◆ RECORD EXCERPTS ◆
______

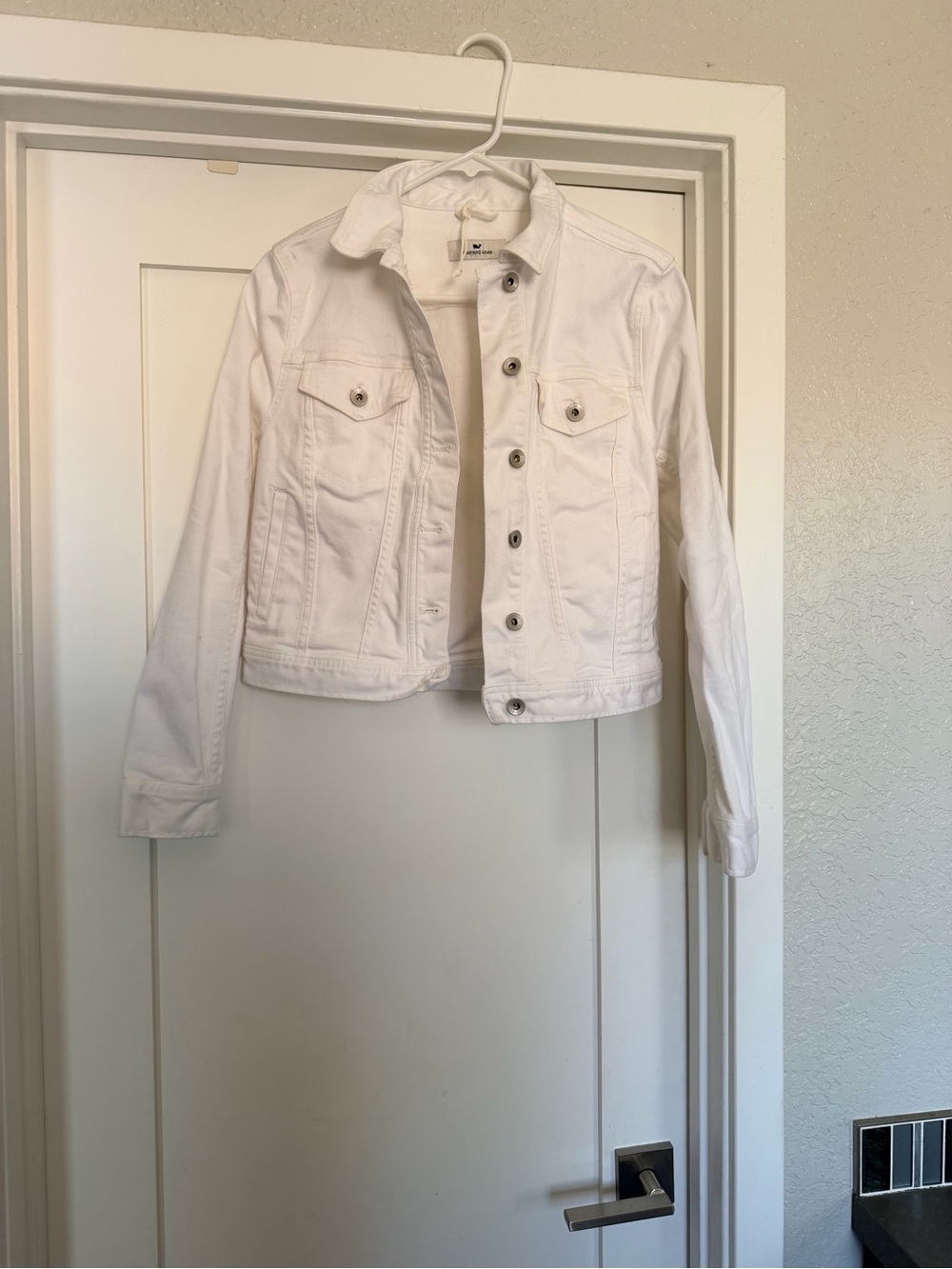 Vineyard Vines White Cropped Denim Jacket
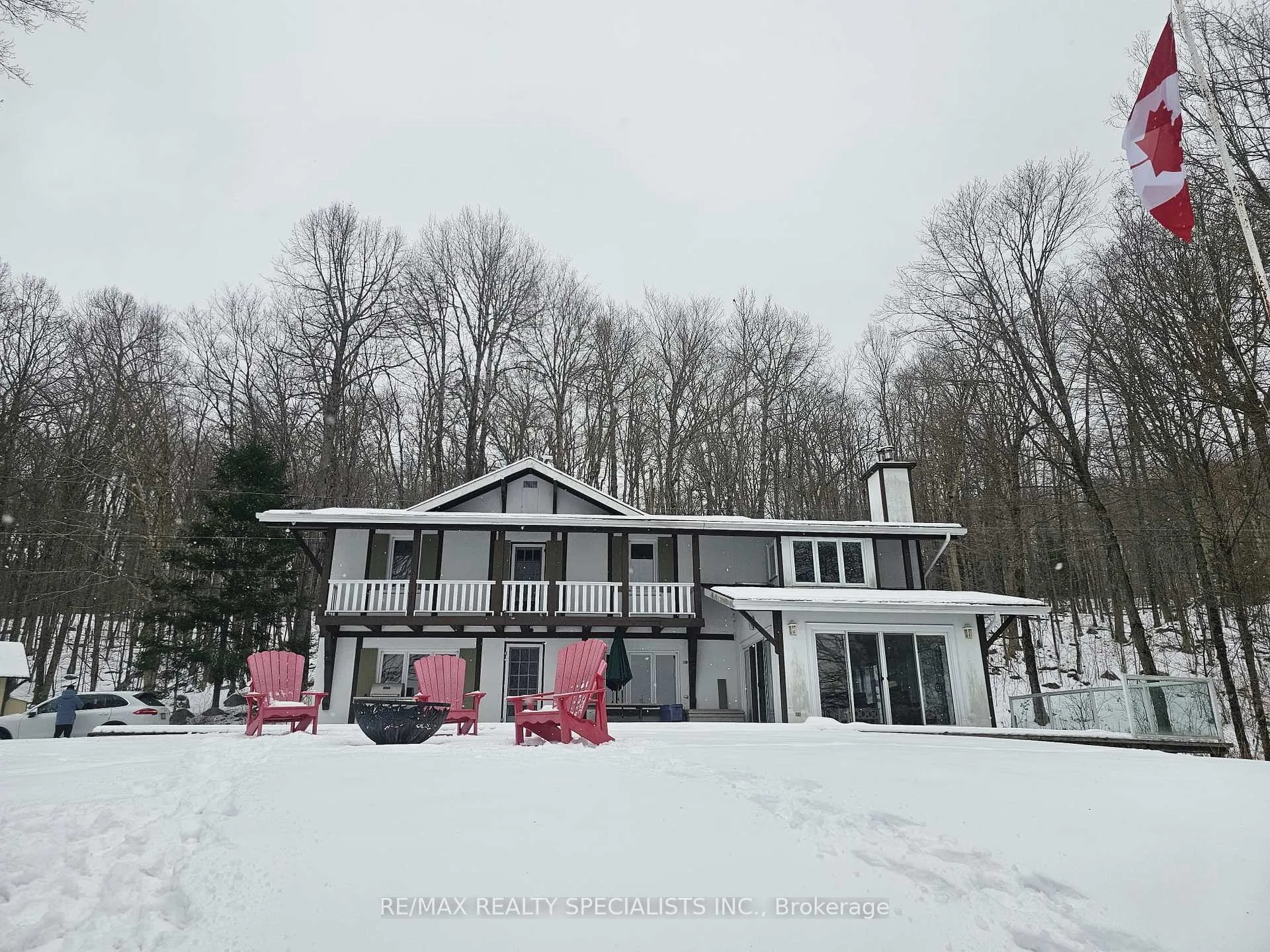 Photo 5 of Unit B, 127 Wind Rose Lane, Ryerson — HOMEH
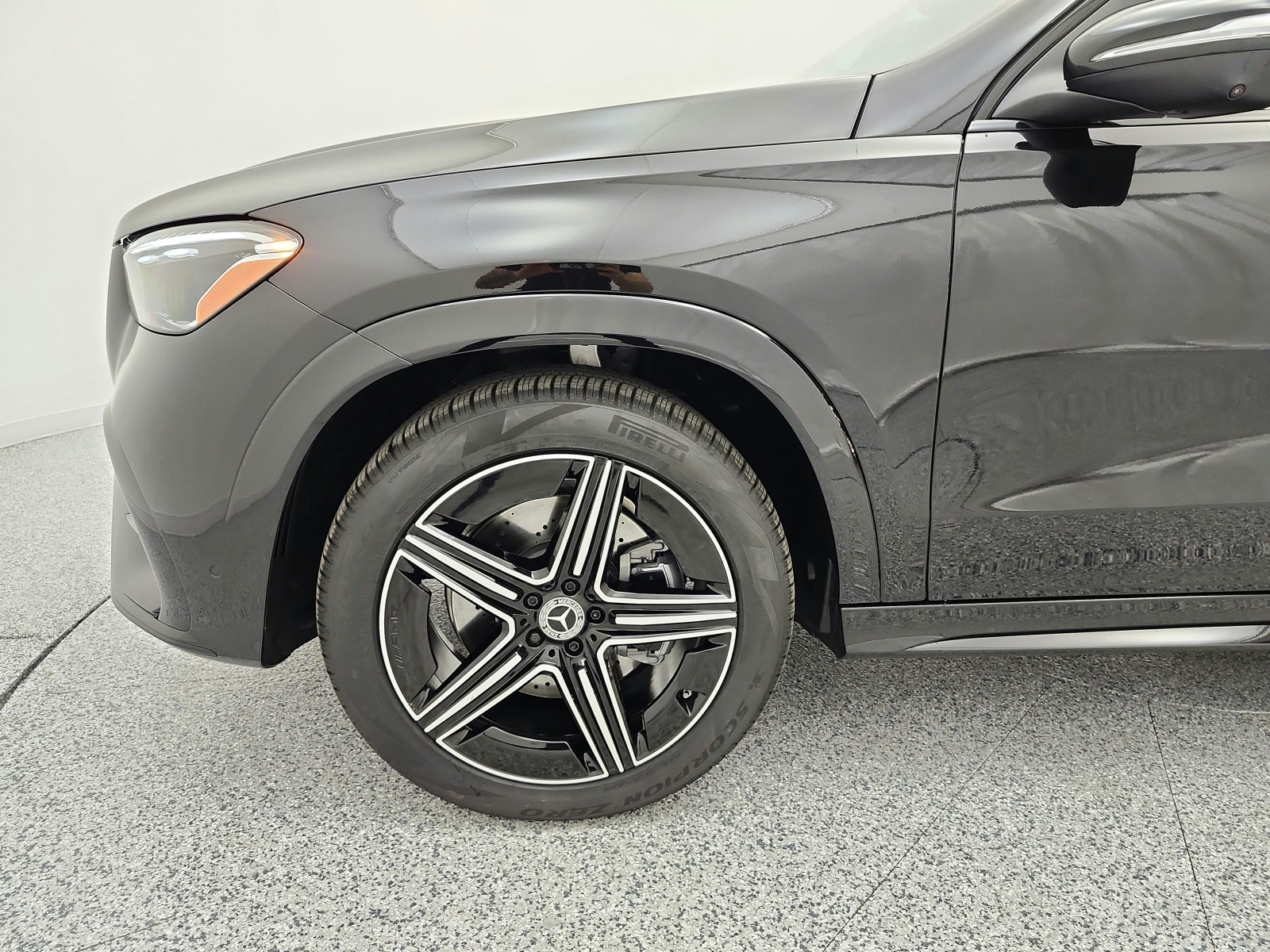 New 2026 Obsidian Black Metallic Mercedes-Benz GLE 350 SUV image 13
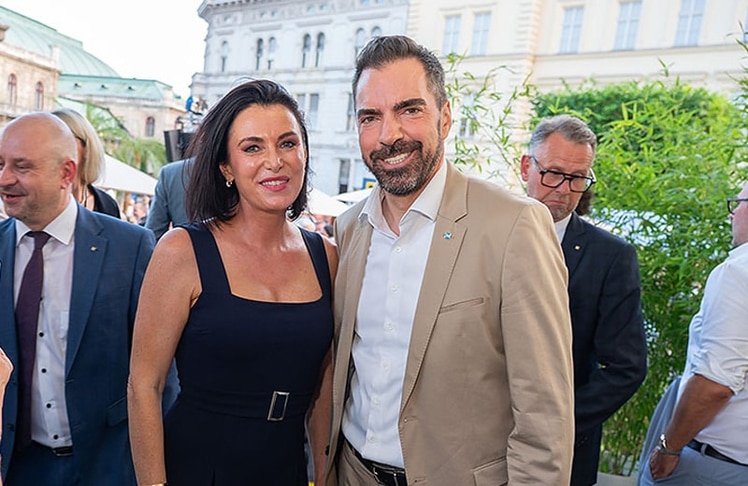 Elisabeth Köstinger und Kari Ochsner © Andreas Tichler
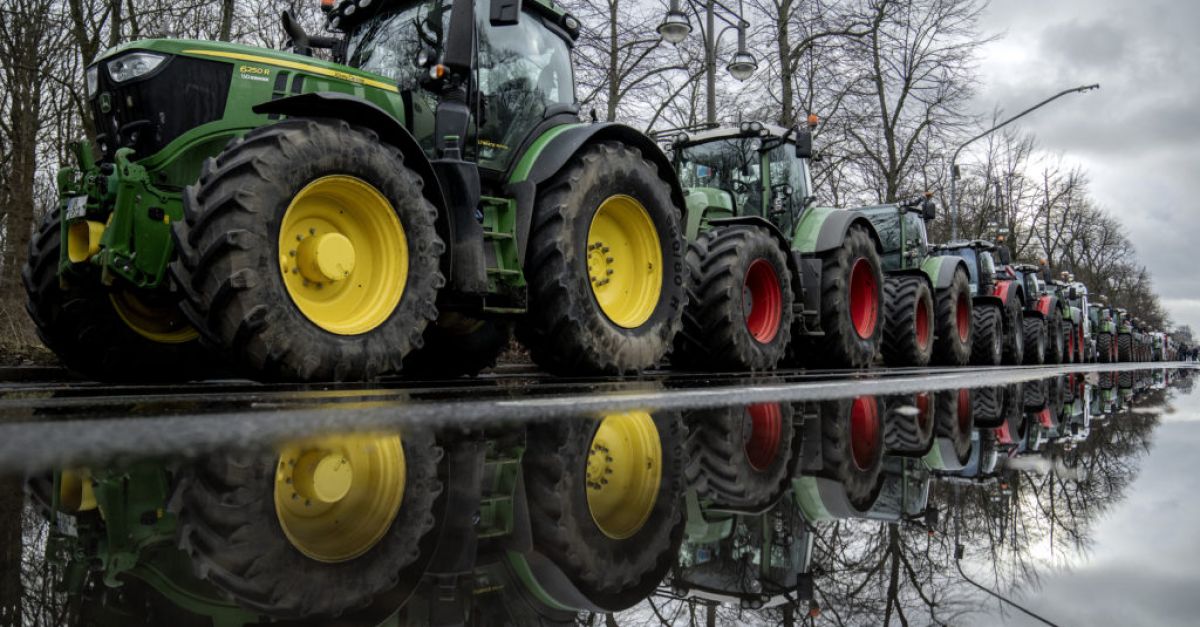 Фермери карат хиляди трактори в Берлин в знак на протест срещу съкращаването на субсидиите за гориво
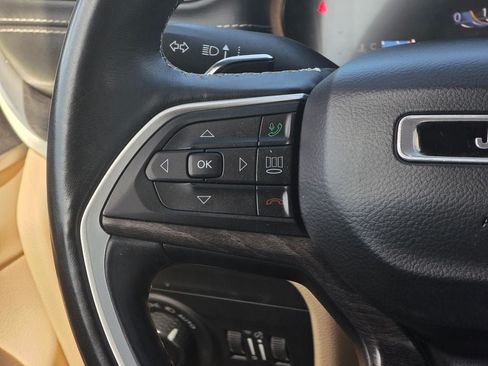Used 2021 Jeep Grand Cherokee L Limited AWD/4WD image 19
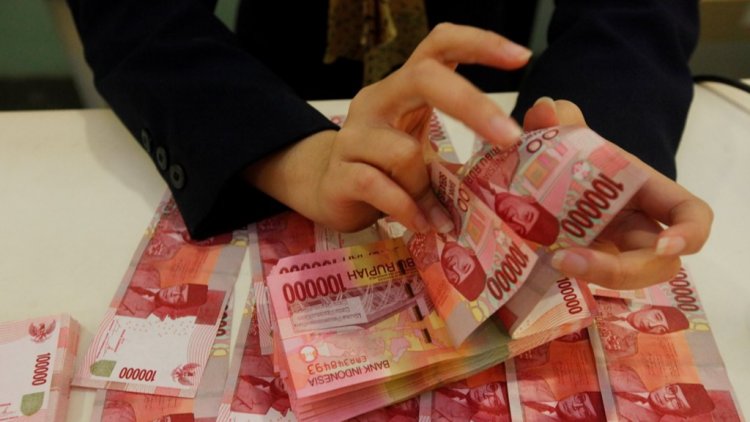 Rupiah Melemah Lagi Menuju Level Rp15.618/USD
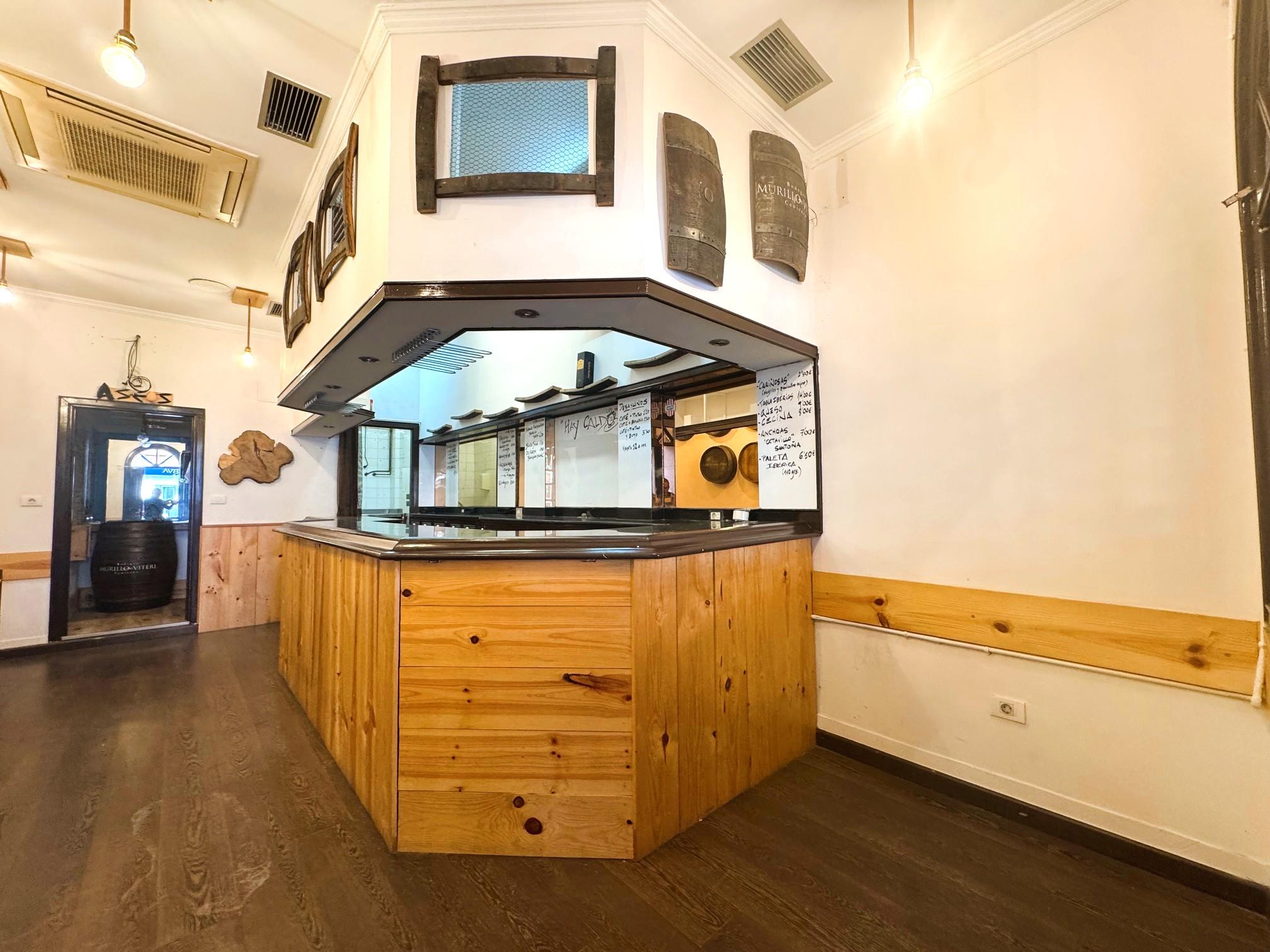 Imagen 2 Local Comercial en venta en Getxo / Calle Mayor. Las Arenas.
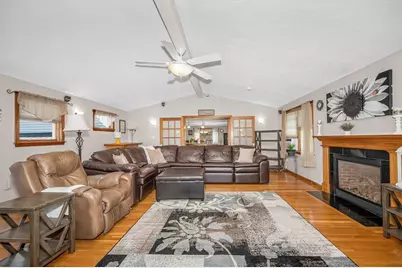 6 Surrey Rd, Woburn, MA 01801 - Photo 10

______

Restate the listing above word for word, and skip the pictures.

 Vineyard Vines White Cropped Denim Jacket
 Photo 5 of Unit B, 127 Wind Rose Lane, Ryerson — HOMEH
 New 2026 Obsidian Black Metallic Mercedes-Benz GLE 350 SUV image 13
 Elisabeth Köstinger und Kari Ochsner © Andreas Tichler
 Фермери карат хиляди трактори в Берлин в знак на протест срещу съкращаването на субсидиите за гориво
Used 2021 Jeep Grand Cherokee L Limited AWD/4WD image 19
 Rupiah Melemah Lagi Menuju Level Rp15.618/USD
 Imagen 2 Local Comercial en venta en Getxo / Calle Mayor. Las Arenas.
 6 Surrey Rd, Woburn, MA 01801 - Photo 10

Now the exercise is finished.